The PanoThe Hotel Blue is an interesting historic building built on the docks in Sydney in the late 1800’s. It has a cool vibe, and I mean that figuratively as well as literally. During the winter, the long main, long corridor of the hotel opens to the outside near the center. The cold morning air had filled the corridor which is so long you can not see from one end to the other. Large space heaters like the ones you commonly see in outdoor patios are located in the water bar and the restaurant.
This pano is one of the more technically challenging panos I’ve ever produced. It’s shot in HDR (high dynamic range with 2 stop exposure brackets), which really opens it up.
And, the east and west side interior of the building are virtually, but not completely, identical, making stitching the images together a real challenge. PTGui kept thinking the east and west images were the exact same image—a huge headache until I learned how to deal with that. I had to get help from the collective brain in the Facebook Panorama Group. They gave me some excellent suggestions, which I am including at the end of this post. (Don’t want to forget them!) Because the pano is filled with straight lines, getting the images properly aligned was critically important.
Enjoy the pano. The hotel has an eclectic, industrial charm.
Question for PTGui users:
I’m attempting to stitch the interior of Hotel Blue in Sydney. The two opposing (east/west) shots of the interior have so much identical symmetry (like a mirror image!) the software thinks the opposing sides are the same image and assigns control points within the two sides as if they were the same shot and destroys the alignment of all of the previous images. Is there some way to lock down the control points for 4 or 5 of the images before adding the other shots that the software thinks are already in the pano and then manually add their control points?
I’ve tried everything I can think of: align 2, then 3, then 4… images, adding one at a time, but once I add the opposite side (east or west) it all goes crazy!
Ideas from the collective brain?
Felipe B. González: Adding points by hand should work. Don´t trust PtGui with complex repeating pattern carpets too.

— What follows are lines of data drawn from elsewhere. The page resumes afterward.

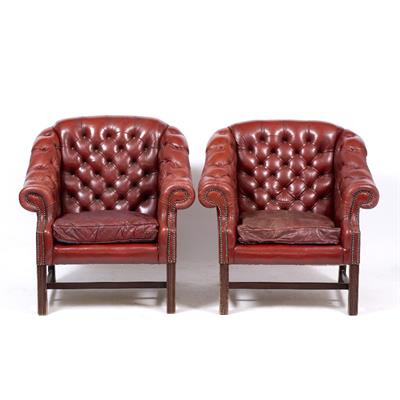 Lot 86 - A PAIR OF RED LEATHER ARMCHAIRS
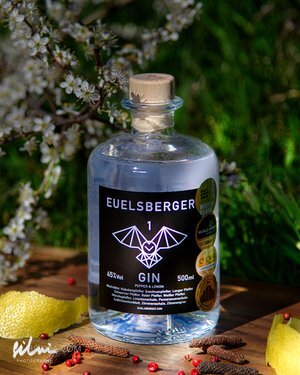Clear glass bottle of Euelsberger Gin 45% ABV 500ml with lemon peels and spices outdoors.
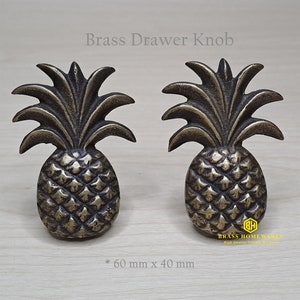 May include: Two gold pineapple drawer knobs, each measuring 60 mm by 40 mm. The knobs feature a detailed pineapple design with a textured surface.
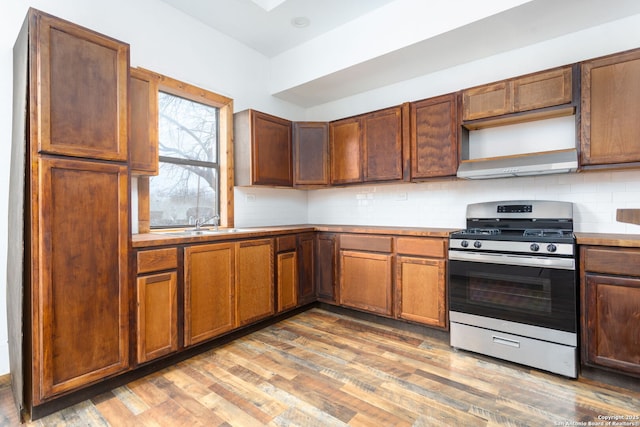 kitchen with gas stove, sink, tasteful backsplash, hardwood / wood-style floors, and wall chimney exhaust hood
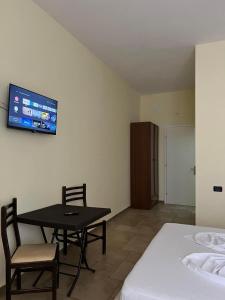 Letto o letti in una camera di Hotel Antik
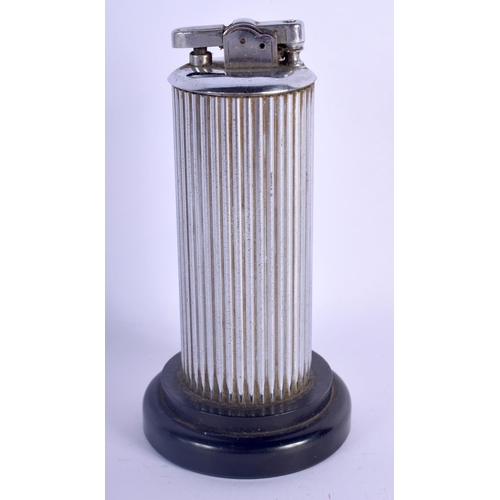 471 - A 1950S SILVER PLATED PATENT POLO GENTLEMANS CLUB LIGHTER with bakelite base. 14 cm high.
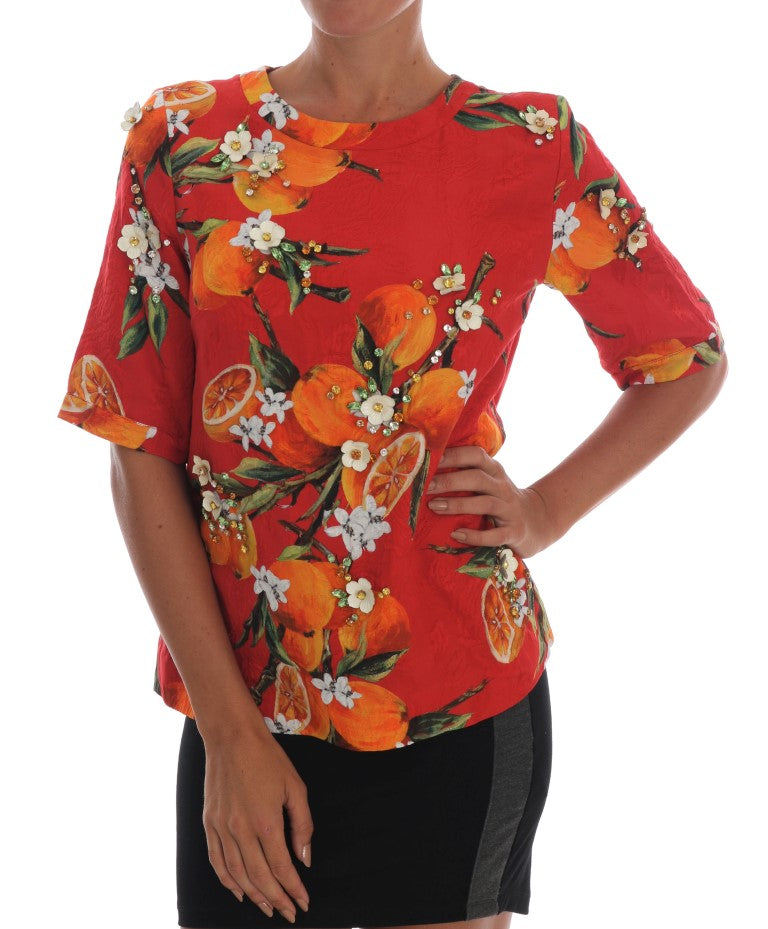 Blouse met oranje print en kristallen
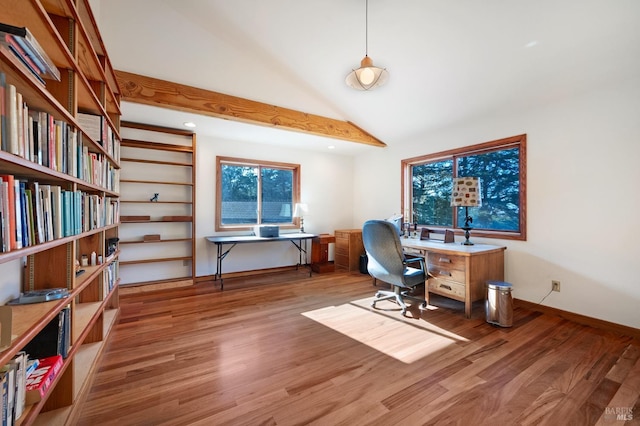 home office with hardwood / wood-style flooring and lofted ceiling with beams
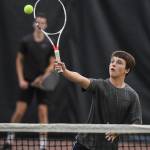 Alain Soltys-Gray returns a volley as he plays doubles with partner Kevin Kooistra as they play against Liam Penn and Callan Smith at the Region V Tennis Tournament at The Alaska Club/JRC on Wednesday, Sept. 25, 2019. Penn and Smith won the match 6-2, 6-1, and will play Will Rehfeldt and William Smoker in the final on Saturday. (Michael Penn | Juneau Empire)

Simon Nobes: With 2 adjacent images showing side by side in the control point editor, press Ctrl+Shift+G (in Windows, not sure of the equivalent in OSX) and PTGui will seek out and add CPs for just those two images. Rinse and repeat all the way round . . .

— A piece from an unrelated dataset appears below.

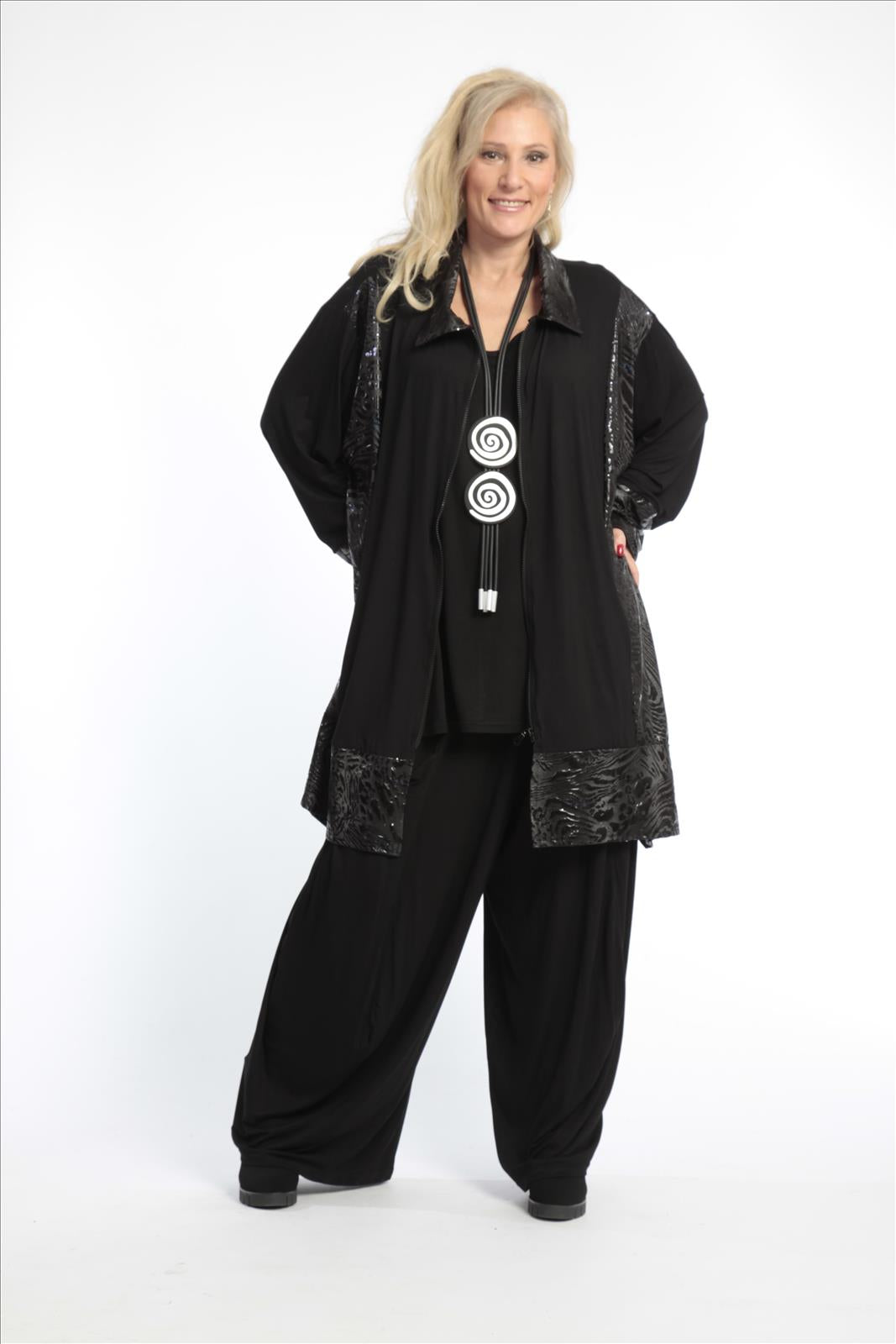 Winter jacket in A-shape made of jersey quality, glitter leo in black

Thomas Bredenfeld: had this symmetry troubles in some projects. e.g. north and south were not really indentical, but enough to let ptgui go nuts. east and west were different. stitch was successful after skipping south first, generating CPs for the 1st 3 images (E,N,W) and then inserting the missing 4th image (S). pano can be seen here:
what also helps: do not generate CPs globally for the whole project, but progressing in pairs (1&2, 2&3, 3&4, 4&1) with »[menu] => controlpoints => generate controlpoints for selected images. no manual CP placement needed.

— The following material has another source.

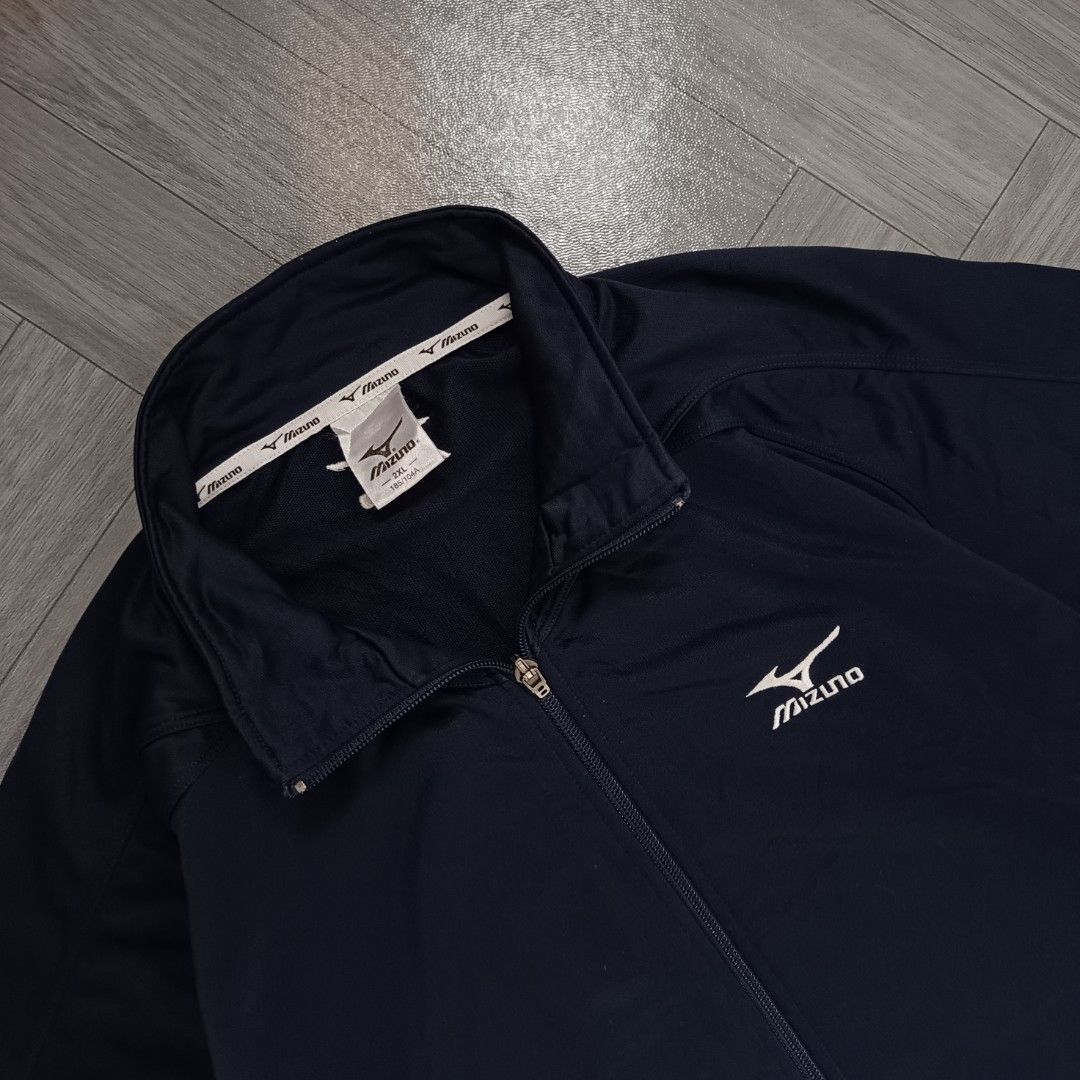 Mizuno 2000s Full Zip Track Jacket (Category: Coats, Jackets and Outerwear) located in Los Banos. Submitted by ndrwthrift (Listing ID 1462645501, Image 2). Description: Mizuno 2000s Full Zip Track Jacket Condition - 9/10 Size - XXL on tag Dimes - L 28" W 23" Color Rate - 9/10 Issue - Slightly faded print on sleeves *meet up or shipping via lalamove (buyer's expense) *can ship nationwide via j&t.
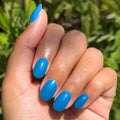 Hand with smooth blue nails polished using Domino’s Pizza Mani Kit shown against outdoor greenery background thumbnail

Cedric FrozenjaZz Simon: I often do what Simon Nobes recommends (Ctrl+Shif+G), but I also recently discovered that you can select an area with shift + click, you draw a rectangle in which you want control point to be placed, and PTGui tries to find matching points. Extremely useful for me who now only shoot hand held.
Simon Nobes: Yes Cedric FrozenjaZz Simon, that’s a trick I often use too but I’m thinking that PTGui needs the images to be fairly accurately aligned before it will work. I don’t know if you can expect much if you start with the Shift+click rectangle . . .
Pietro Madaschi: Be side using the control points etc, if you have the Pro version, you might find useful to modify the images parameters in Advanced Mode
In order to set up manually the proper direction of every image
Main Window: Image Parameters tab
This page contains a table where the parameters of each image can be edited numerically. It is visible only in Advanced mode.